Мастер Сергей Ларионыч, давний приятель отца, уверял Илью:
— Погоди еще, твой век долгий — навоюешься. А здесь войны не меньше, чем там.
Сергей Ларионыч тоже был замоскворецкий, жил с раннего детства на Житной, примерно с того же самого времени знал отца Ильи. Только, как говорил Сергей Ларионыч, жизнь у них начиная с семнадцати лет катилась по разным рельсам: он остался на заводе, стал мастером, а отец поступил на рабфак, оттуда в институт и, окончив его, вернулся на свой завод.
— Тогда мы вновь подружились, хотя стояли не на равных, — говорил Илье старый мастер. — Твой отец стал начальником производства, а я, как видишь, выше мастера не поднялся.
Он многому научил Илью за те недолгие месяцы, что Илья проработал на заводе, перед тем как уйти на фронт. Первым делом — включать станок мягко, не рывком, как это нередко делали многие новички.
— Имей в виду, — поучал Сергей Ларионыч, — станок, он тоже все как есть понимает. И за добро всегда добром же ответит. Будешь с ним по-хорошему, будешь щадить его, содержать в чистоте и в порядке рабочее место, не запускать, а вовремя ремонтировать, прислушиваться к его ходу вот так же, скажем, как доктор к сердцу человеческому прислушивается, смазывать да чистить его почаще, глядишь, он у тебя подольше прослужит, а будешь спустя рукава относиться, словно мачеха к немилой падчерице, он у тебя в самый неожиданный момент откажет. И захочешь, не сумеешь повернуь по-своему...
Сам Сергей Ларионыч относился к станкам в цехе словно к живым, одухотворенным существам. Некоторые ученики подсмеивались над ним, кое-кто даже считал, что мастер малость не в себе.
Когда Илья уходил на фронт, он проводил его до военкомата, долго стоял на улице, ожидая, пока выйдут будущие фронтовики, отправятся на вокзал.

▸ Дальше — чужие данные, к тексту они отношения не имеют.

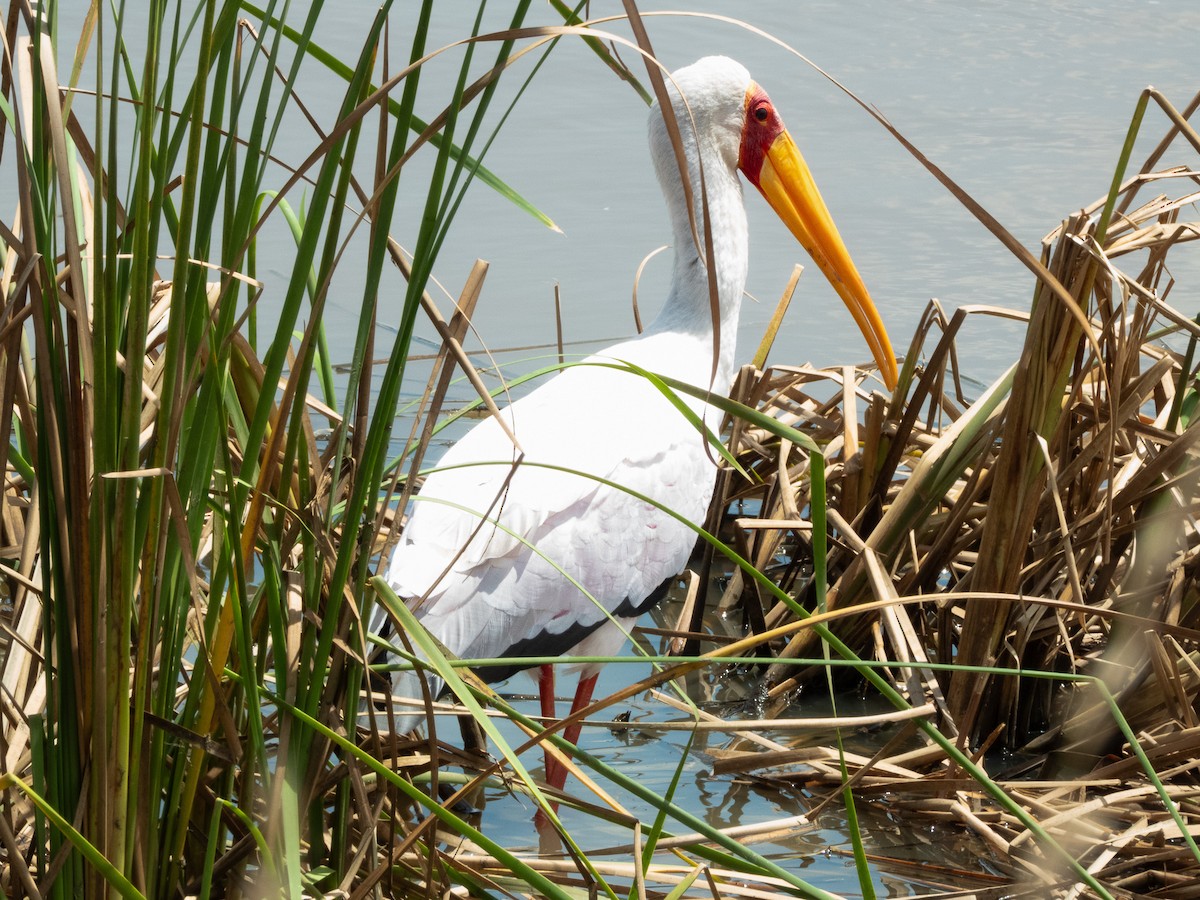 Yellow-billed Stork - ML657800386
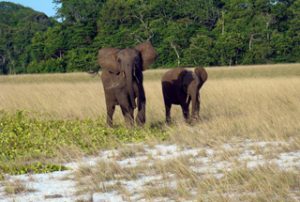 Elephants at Tassi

Илья шагал в длинной колонне своих ровесников от Калужской площади до Комсомольской площади.
То и дело оборачивался и тогда позади, где-то в толпе различал в толпе лицо старого мастера.

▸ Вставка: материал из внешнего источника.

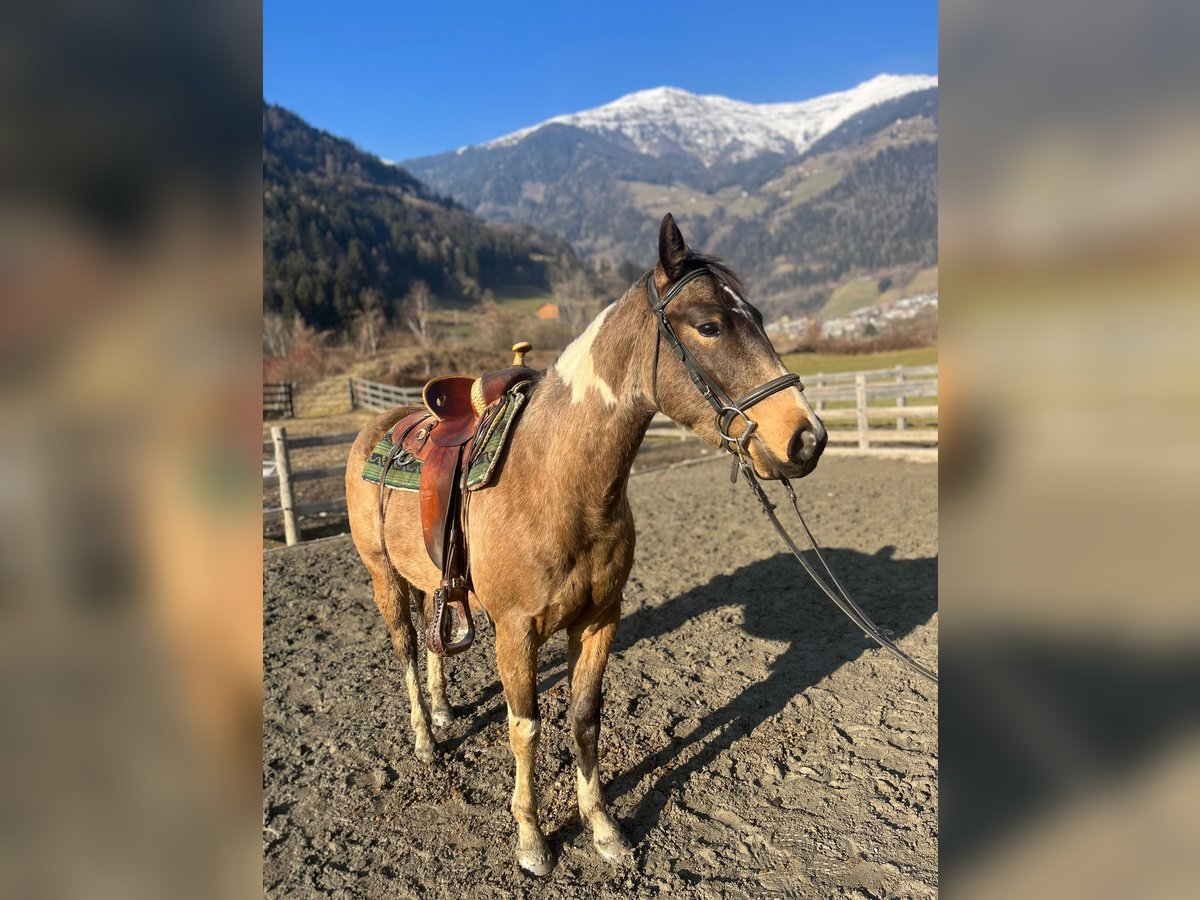 Paint Horse Castrone 3 Anni Pelle di daino in Sankt Leonhard in Passeier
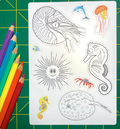 Aquatic Animals Coloring Sticker Sheet: Nautilus, Sea Urchin, Xingu Ray, Seahorse, Dolphin, Crab, Jellyfish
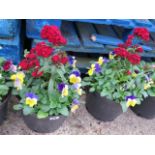 2 mixed flowering tubs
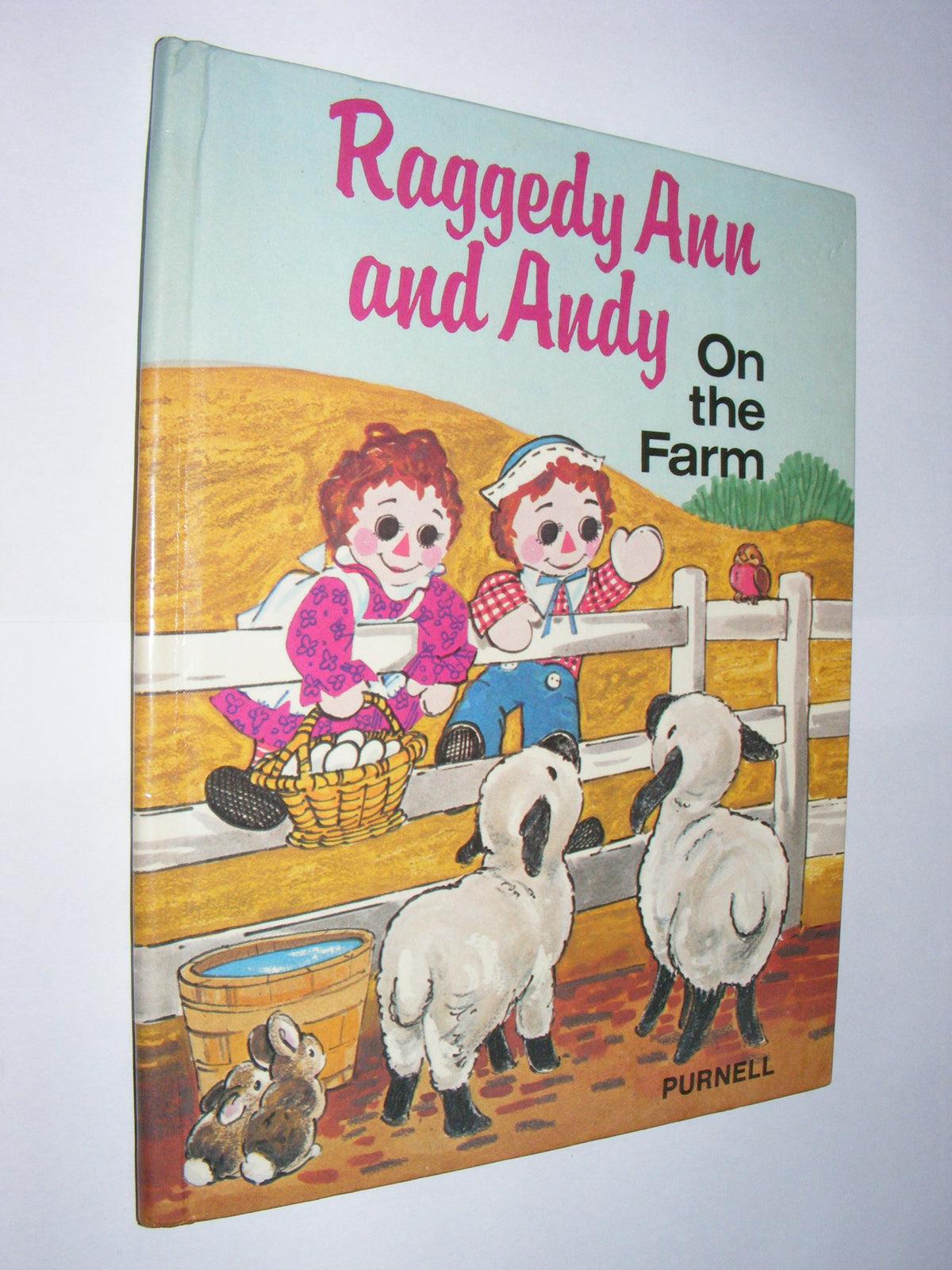 Raggedy Ann and Andy on the Farm (New All Colour)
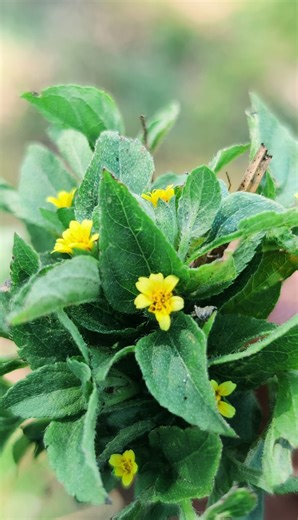 65K views · 2K reactions | Medicinal Herbs 101: Straggler Daisy | The Weeds and Seeds Guy | Facebook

Сергей Ларионыч в конце концов отстал возле Смоленской.
Сперва Илья попал на Калининский фронт, потом под Ленинград.
Ему повезло: ни разу не ранило, даже легкая контузия миновала его. Он так и писал отцу в Сибирь: «Я у тебя неуязвимый, для пуль и мин непробиваемый...»

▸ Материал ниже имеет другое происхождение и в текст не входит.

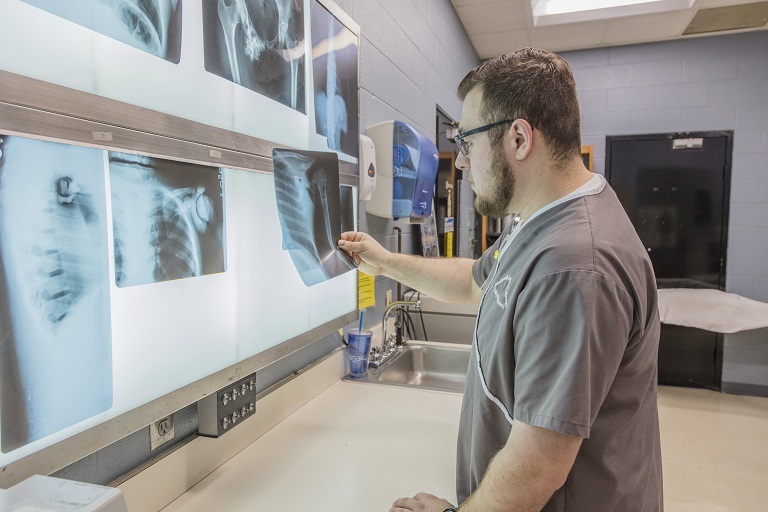 radiography student looking at x-rays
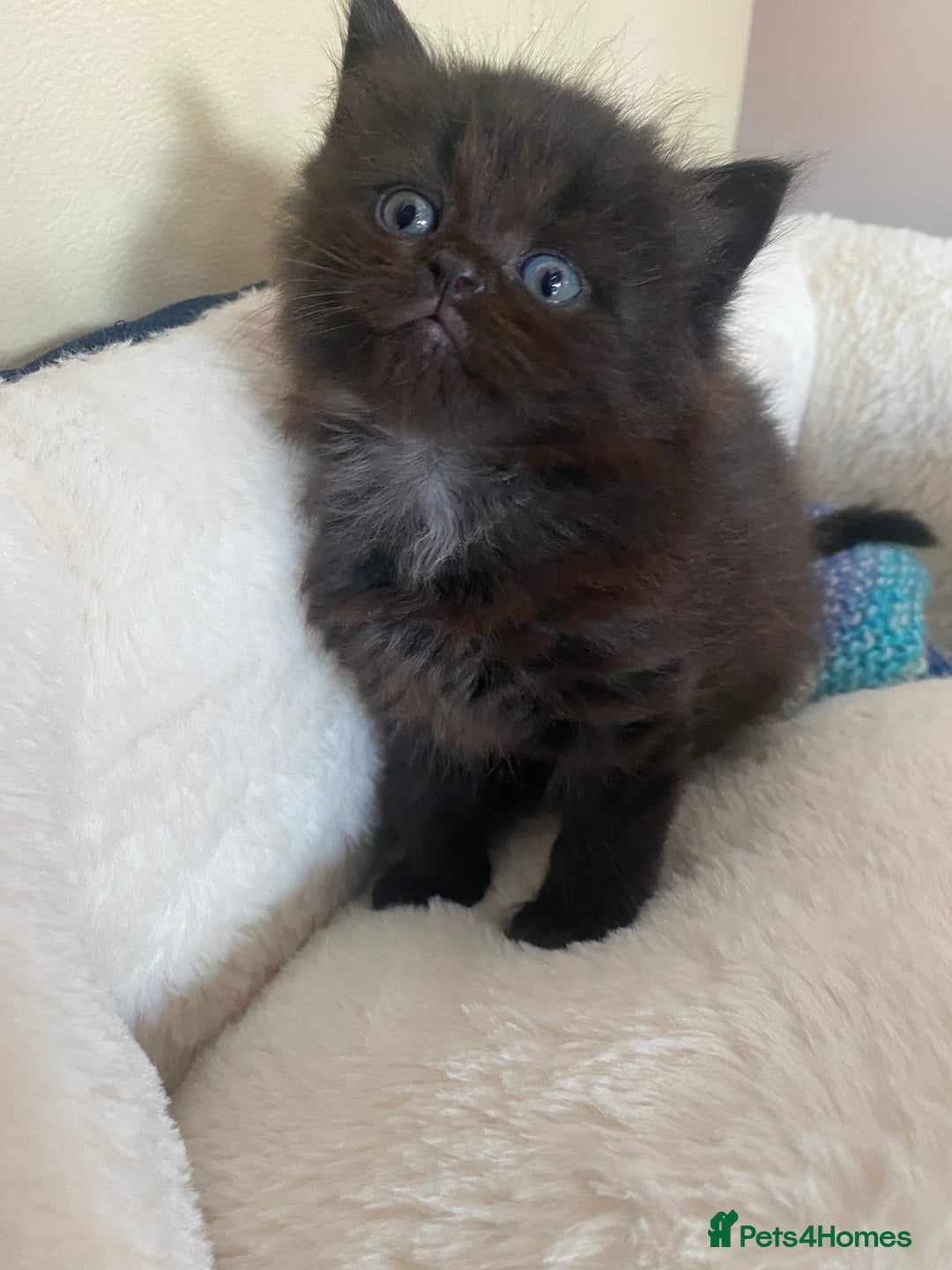 British Longhair cats for sale: British longhair kittens with Persian lineage - Image 8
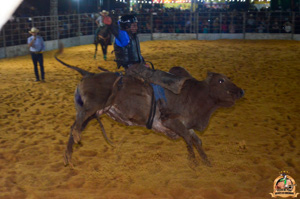 Filename=DSC_3482.jpg
Filesize=272KiB
Dimensions=960x636
Date added=Jun 20, 2024 DSC_3482.jpg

Отец писал ему пространные письма на фронт, писал, что гордится им, что надеется после победы снова увидеться, что он вкалывает с утра до ночи, а иногда даже ночью приходится вкалывать — выполнять заказы фронта.
Только о том, что женился, отец не написал. Решил — сообщит позднее. О таком событии сообщить никогда не поздно.